Sunday, July 01, 2007

Manchester Monkey Magic

"Imagine The Lord Of The Rings being done by the Chinese State Circus in the style of House Of Flying Daggers, and you are some way towards understanding the appeal of Monkey."
I went to Monkey: Journey to the West at the Manchester International Festival, and haven't been able to come up with a better description than the quote above from Kitty Empire's review in "The Observer".

The story is familiar to those of my age-group who watched "Monkey !" on TV in the 1970s. A spoiled-brat monkey takes on heaven, loses (of course) and seeks redemption through good works (body-guarding a cross-dressing monk on a holy mission). It's not compulsory to follow the story however, which is just as well, because the sub-titles at the theatre were set to "Random Fortune Cookie" mode, and you never knew who was saying what, or why (unless you had a smattering of Mandarin).

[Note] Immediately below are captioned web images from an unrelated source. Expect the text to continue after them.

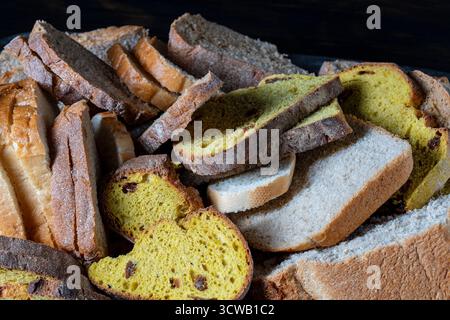 Various sliced fresh bread in a tray on the wooden table, close up. Arrangement with bakery products Stock Photo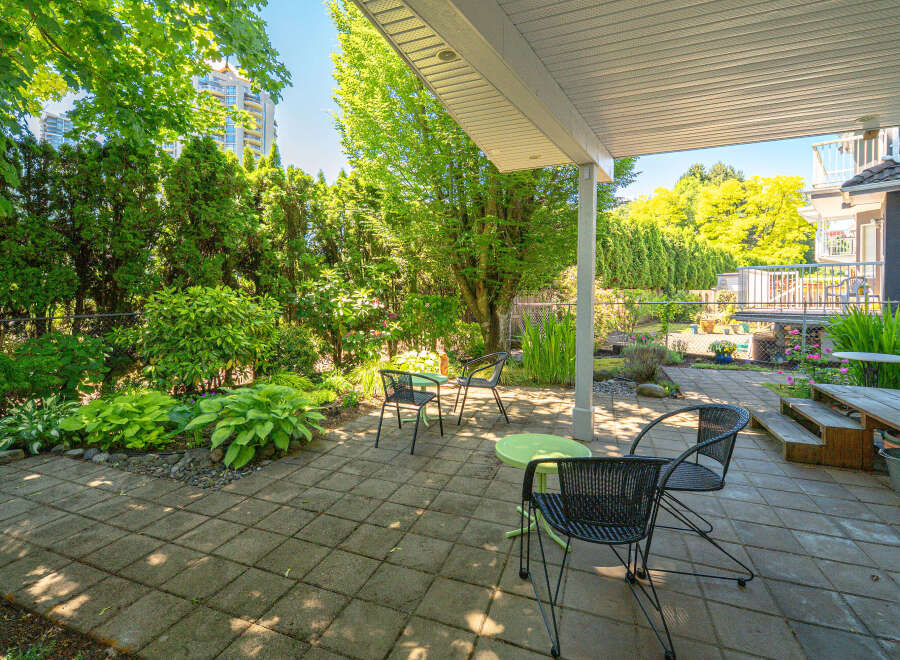 Enjoy outdoor living on this spacious patio, perfect for entertaining or relaxing.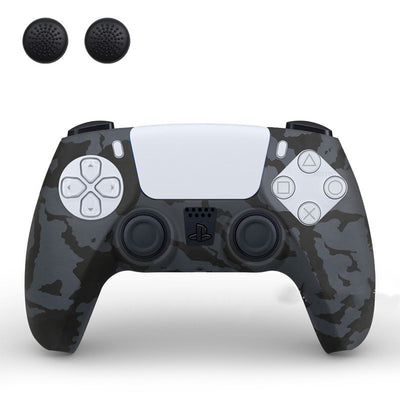 PS5 controller with a white silicone sleeve featuring a vibrant, abstract eye pattern, shown with two black thumb grip caps. - Image 6
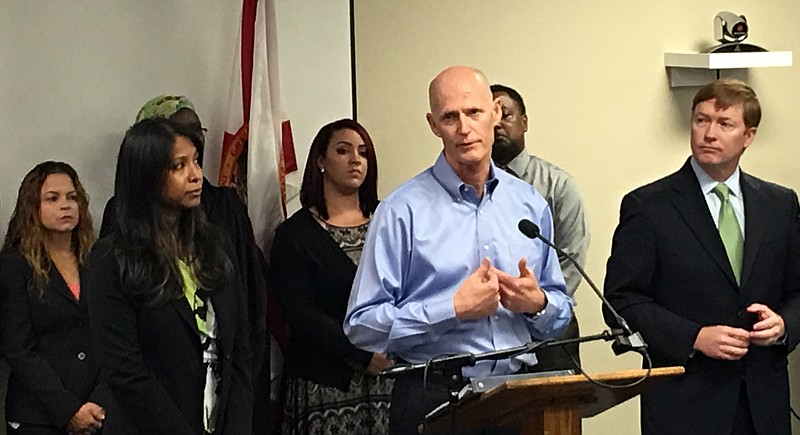 Florida Gov. Rick Scott speaks at a news conference, Friday, July 29, 2016, in Orlando, Fla., where he announced that the state likely has the first cases of Zika transmitted by mosquitoes on the U.S. mainland. 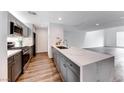 Modern kitchen with gray cabinets, quartz countertops, and stainless steel appliances at 247 Dougram Ave, Las Vegas, NV 89101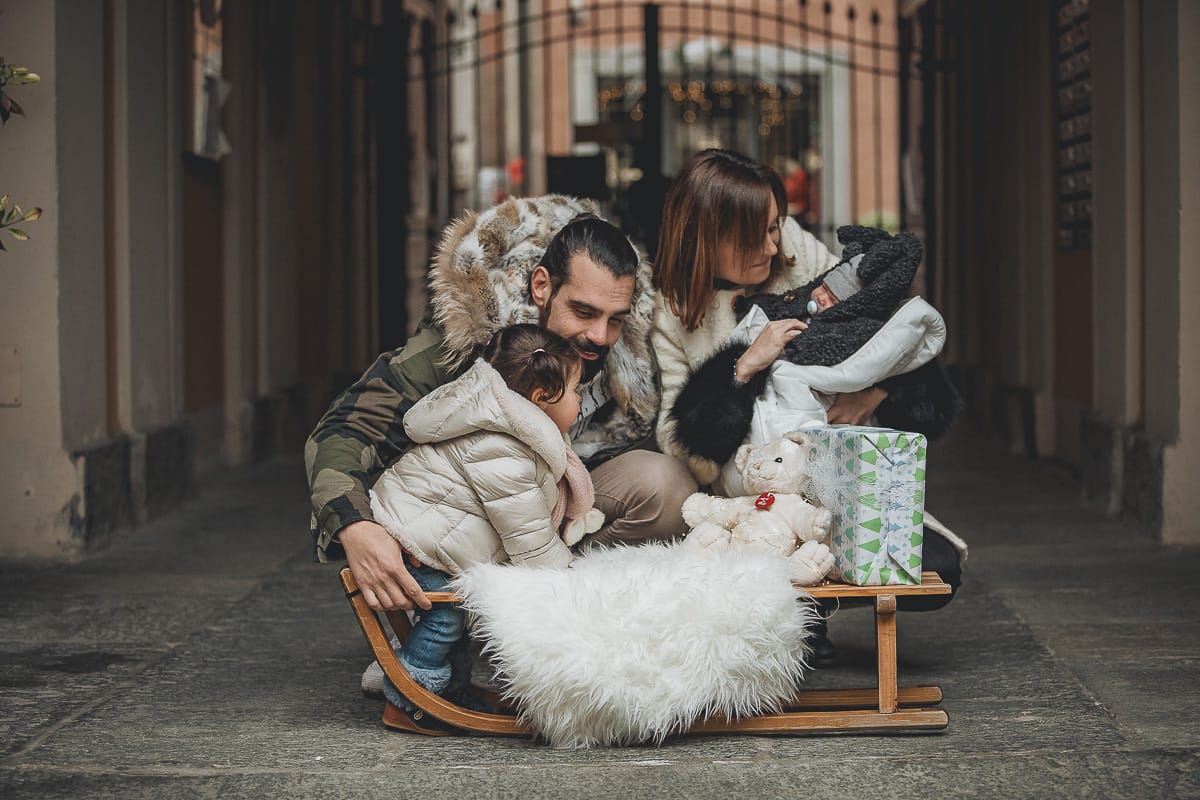 Fotografia di famiglia lifestyle di Natale. La piccola Lavinia con la sua mamma e il suo papà con un vecchio slittino di legno addobbato con un pellicciotto di lana di agnello bianco e pacchi regalo natalizi.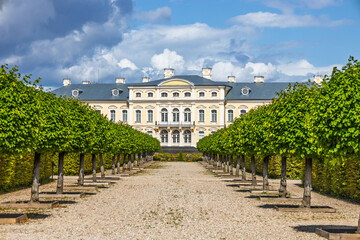 Rundale Palace - Baroque architecture with tree lined alley in the formal gardens, Latvia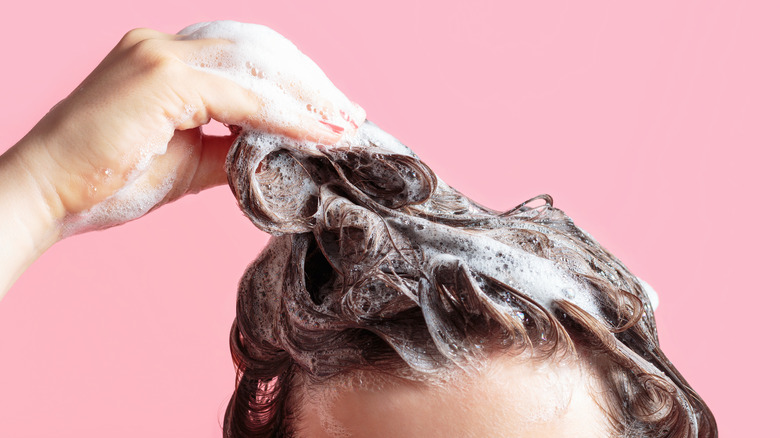 Person washing hair pink background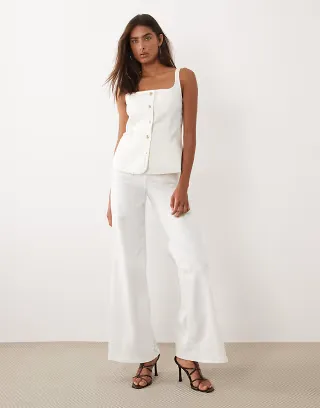 Good American denim good waist palazzo flare jeans in white - part of a set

Damon Albarn's music was amazing. Mrs Stan thought she caught some influence from Messiaen, some bits I thought were like John Adams' "The Chairman Dances" and there were undoubtedly some classic Gorillaz-style basslines. It was hardly catchy, but it had the whiff of authenticity and was a perfect accompaniment to ninety minutes of extraordinary dance, gymnastics and martial arts on a breathtaking scale. Even Stanetta - who was sleep-deprived after a girlie sleep-over party - gave it fullmarks and stayed awake throughout, before coming home and sleeping 14 hours straight.

And cartoons of course - funny, wild animation from Jamie Hewlett, who worked with Albarn on Gorillaz. I'm ashamed to say I bought three miserly £7.50 back-seat stall seats for the family, and we could only see the bottom half of the screen.

But - £7.50 !! You pay double that for a cinema ticket in London West End. You pay five times that for a half-price on-the-day ticket for whatever Abba-Tribute musical is on in WC1. You pay ten-times that for Covent Garden opera, and that's where the true comparison is to be made. This, as Damon Albarn himself points out, was "proper opera".

Except it was full of families and ordinary people in casual clothes having a good time.

You don't get any of that at a Covent Garden opera.

1 comment:

ArcticFox said...

wa wa wa waaaah......

I paid for the £40 tickets and spent most of the 90 minutes trying to read the crappy subtitles!!

Was a grrreat night out though, and I DID fall in love with the bendy contortionist girl and the spider woman.

Came home with a tshirt - a ten quid programme - and a big hole where my bank account used to be!!